And then you remember that as a dancer she’s used to not eating.
Mrs. Giovanni proclaimed last week in her marble kitchen that Bella’s destined to become a world-class dancer and that her “ridiculous decision to give up her place at the prestigious Cambridge International Dance Academy this fall”—the reason they moved to Belmont in the first place—is “just a phase.”
But Bella insists she wants to stop dancing and have a normal life, “just like you.” You laugh at that one, choosing not to disclose that your normal parents are infamous for fighting more loudly than anyone else in your whole lower-class neighborhood, Mother at the lamppost across the street screaming that she’s going to leave him this time, him with his head menacingly out the living room window forbidding her to move a muscle.

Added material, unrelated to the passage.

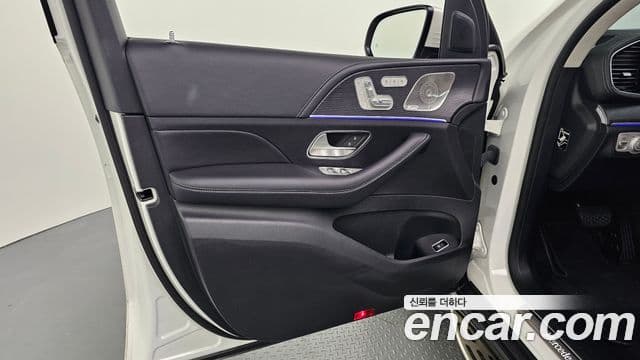 Mercedes-Benz GLE-Class 2023 — Photo 30/32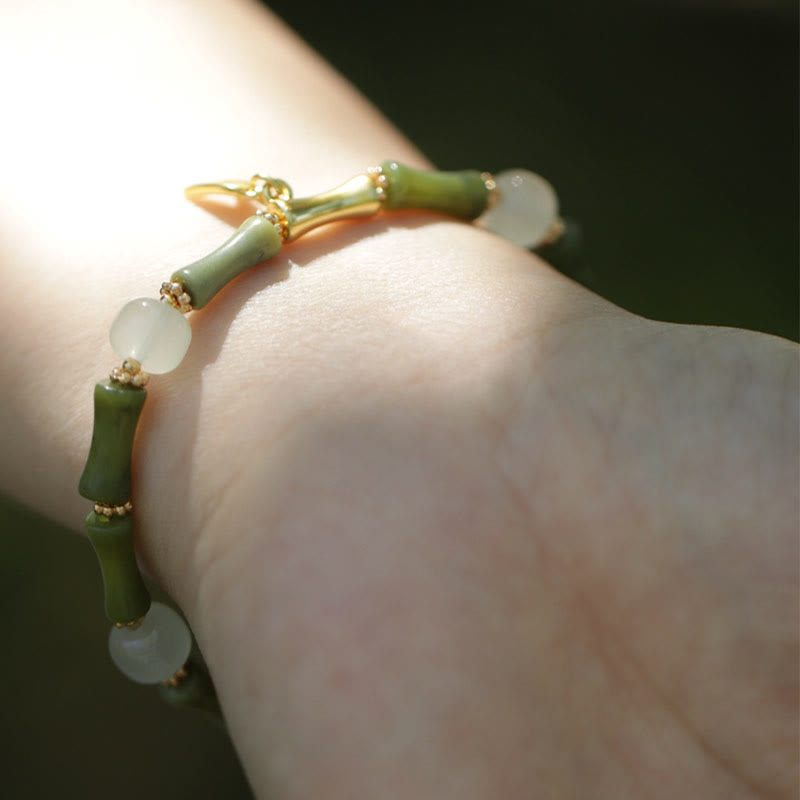 Armband Jade Bambus – Wohlstand grüne Bambusteile Mondstein elegant Handgelenk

You promise to introduce Bella to Harvard Square since she hasn’t gone yet, announcing that it’s one of the coolest places in the world, filled with antiwar protests you attended regularly—on the q.t. of course, parents’d die if they knew, but no need to reveal that—not to mention the hippest bookstores, clothing shops, coffee houses, and that’s in addition to all the famous people who’ve lived there throughout history. You tell yourself you didn’t mean to imply to Bella that you live much closer to the Square than you actually do. But you feel the need to continue the façade. Face it, Harvard Square is one of the only interesting spots you know, so you have to make the most of it to impress Bella.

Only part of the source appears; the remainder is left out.